Domingo, 18 de Fevereiro de 2018
ISSN 1519-7670 - Ano 19 - nº974

IMPRENSA EM QUESTãO > MÍDIA & MERCADO  

NYT conquista mais assinantes digitais e amplia circulação

Por Nelson de Sá em 30/10/2012 na edição 718
Reproduzido da Folha de S.Paulo, 26/10/2012

A New York Times Co. informou ontem, ao divulgar seu balanço do terceiro trimestre, que o número de assinaturas digitais cresceu 11% em relação ao trimestre anterior, atingindo 566 mil. Os dados abrangem o “NYT” e sua edição externa, “International Herald Tribune”.

Mas o resultado das assinaturas veio dentro da expectativa, segundo analistas, ao contrário da publicidade, que veio bem abaixo.

No fim do dia, as ações da NYT Co. fecharam com queda de 21,97% em Nova York, causada pela redução de 8,9% na receita publicitária, em comparação com o mesmo período de 2011.

A redução ocorreu tanto na publicidade impressa (10,9%) quanto na digital (2,2%).

Com isso, o lucro líquido ficou em US$ 2,28 milhões, queda de 85% ante o terceiro trimestre de 2011.

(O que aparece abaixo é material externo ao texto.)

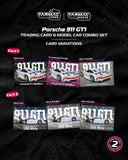 Porsche 911 GT1 (White) + Trading Cards Combo Set - Tarmac Works - 1:64 Modellauto 1/64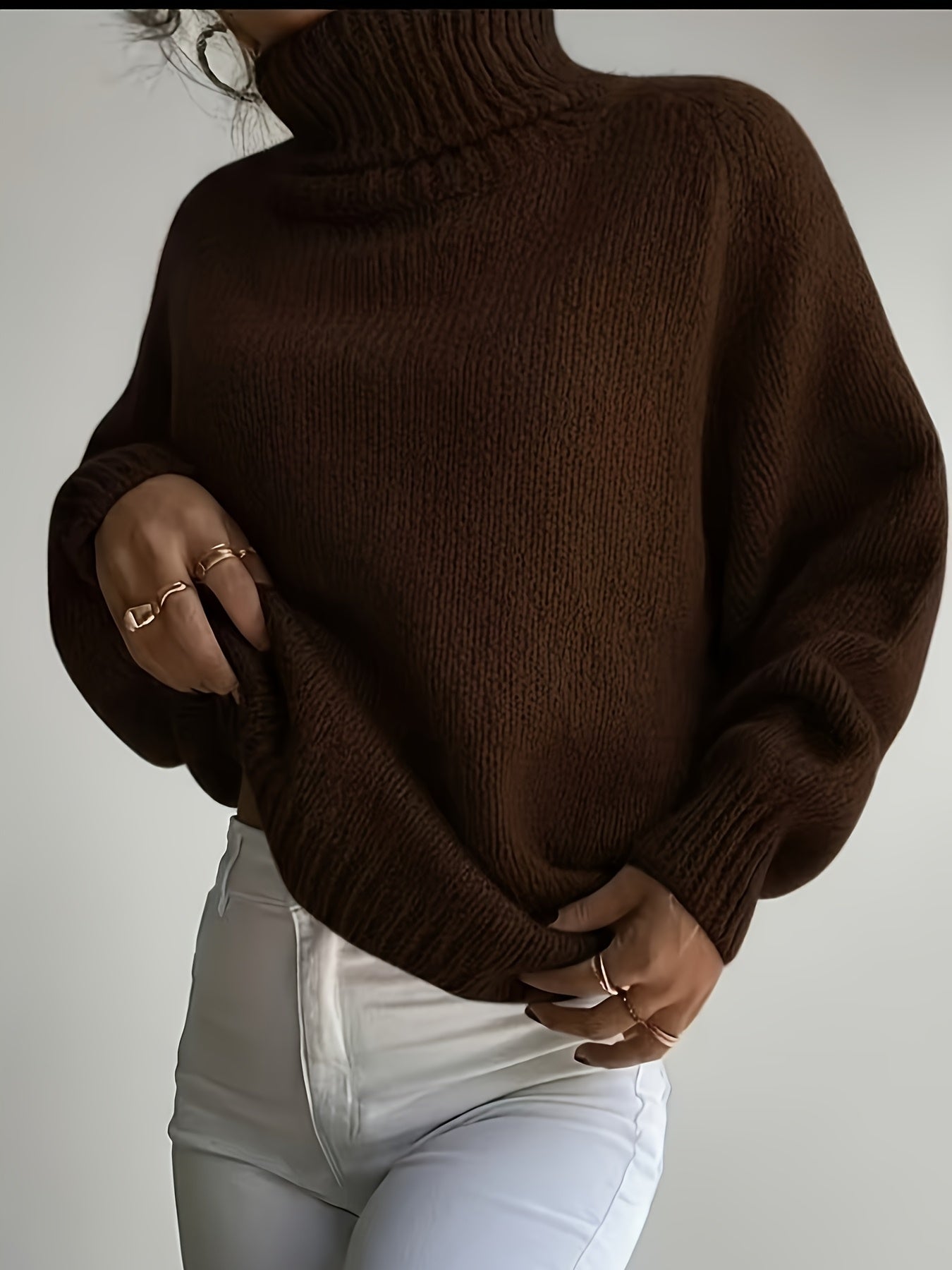 Blusa Feminina Elegante de Gola Redonda - Suéter Macio e Quente de Cor Sólida para Inverno, Lavável na Máquina, Tops Aconchegantes para Outono e Inverno, Versátil para Looks Casuais ou Sofisticados, Suéter Simples para Jeans/Vestidos/Saias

Um analista do banco de investimentos Evercore Partners sublinhou que a queda

na publicidade impressa foi maior que nos concorrentes e descreveu o trimestre como “muito desapontador”.

Já um analista do UBS destacou a queda na publicidade digital, que indica melhor o futuro, “no fim das contas”.

“Paywall”

O presidente da NYT Co. e publisher do “New York Times”, Arthur Sulzberger Jr., comentou que, “embora os resultados reflitam a pressão persistente nas receitas publicitárias, a receita de circulação cresceu [7,4% ante o mesmo período de 2011], comandada pela expansão contínua da base de assinantes digitais”, que se apresenta “robusta”.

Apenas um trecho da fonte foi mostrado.